Amazon outlined steps it would take to address the issues, and announced a 10-day service credit for all customers that were affected.Here are some of the notable issues addressed in the incident report.
- Why The Generators Didn't Start: "Normally, when utility power fails, electrical load is seamlessly picked up by backup generators. Programmable Logic Controllers (PLCs) assure that the electrical phase is synchronized between generators before their power is brought online. In this case, one of the PLCs did not complete the connection of a portion of the generators to bring them online. We currently believe (supported by all observations of the state and behavior of this PLC) that a large ground fault detected by the PLC caused it to fail to complete its task.
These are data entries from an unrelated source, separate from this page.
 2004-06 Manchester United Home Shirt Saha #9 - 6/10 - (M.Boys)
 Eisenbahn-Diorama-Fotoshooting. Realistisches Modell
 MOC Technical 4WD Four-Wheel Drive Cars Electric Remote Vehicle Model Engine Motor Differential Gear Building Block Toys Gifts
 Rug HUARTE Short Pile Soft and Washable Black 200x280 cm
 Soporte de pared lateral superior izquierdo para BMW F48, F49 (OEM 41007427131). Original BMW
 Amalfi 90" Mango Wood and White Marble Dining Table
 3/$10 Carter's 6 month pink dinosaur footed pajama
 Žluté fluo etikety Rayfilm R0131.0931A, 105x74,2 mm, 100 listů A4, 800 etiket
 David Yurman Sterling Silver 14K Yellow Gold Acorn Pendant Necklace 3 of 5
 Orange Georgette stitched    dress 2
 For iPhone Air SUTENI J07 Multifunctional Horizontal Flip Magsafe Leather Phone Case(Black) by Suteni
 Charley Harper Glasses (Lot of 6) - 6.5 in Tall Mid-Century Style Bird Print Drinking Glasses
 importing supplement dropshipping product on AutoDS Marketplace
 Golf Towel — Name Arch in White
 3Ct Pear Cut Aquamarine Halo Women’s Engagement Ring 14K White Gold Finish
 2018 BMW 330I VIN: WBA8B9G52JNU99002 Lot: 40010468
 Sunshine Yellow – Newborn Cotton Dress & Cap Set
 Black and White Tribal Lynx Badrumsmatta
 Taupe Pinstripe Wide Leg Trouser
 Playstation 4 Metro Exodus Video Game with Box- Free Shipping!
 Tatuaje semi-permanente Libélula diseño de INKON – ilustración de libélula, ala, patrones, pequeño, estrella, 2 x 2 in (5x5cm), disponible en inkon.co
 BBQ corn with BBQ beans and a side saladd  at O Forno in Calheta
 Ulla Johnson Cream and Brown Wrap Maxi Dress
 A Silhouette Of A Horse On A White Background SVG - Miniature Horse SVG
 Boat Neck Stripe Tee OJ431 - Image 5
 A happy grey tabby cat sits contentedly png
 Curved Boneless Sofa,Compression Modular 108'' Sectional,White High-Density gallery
We are working with our supplier and performing further analysis of the device involved to confirm." Amazon said it will add more redundancy and isolation for its PLCs, and is working with vendors to add a backup PLC.
- Problems With Management Software: In several cases, software programs that manage tasks complicated the recovery process. The first case came shortly after the outage. "The management servers which receive requests continued to route requests to management servers in the affected Availability Zone. Because the management servers in the affected Availability Zone were inaccessible, requests routed to those servers failed. Second, the EC2 management servers receiving requests were continuing to accept RunInstances requests targeted at the impacted Availability Zone. Rather than failing these requests immediately, they were queued and our management servers attempted to process them. Fairly quickly, a large number of these requests began to queue up and we overloaded the management servers receiving requests, which were waiting for these queued requests to complete. The combination of these two factors caused long delays in launching instances and higher error rates for the EU West EC2 APIs. "
- Problems With EBS Software: The most serious downtime affected customers using Amazon's Elastic Block Storage (EBS). A software bug detected prior to the power outage created complications during the recovery process. There is a lengthy description of the EBS issues and how they were addressed.
The recap closed with an apology. "We will do everything we can to learn from this event and use it to drive improvement across our services. As with any significant operational issue, we will spend many hours over the coming days and weeks improving our understanding of the details of the various parts of this event and determining how to make changes to improve our services and processes," Amazon wrote.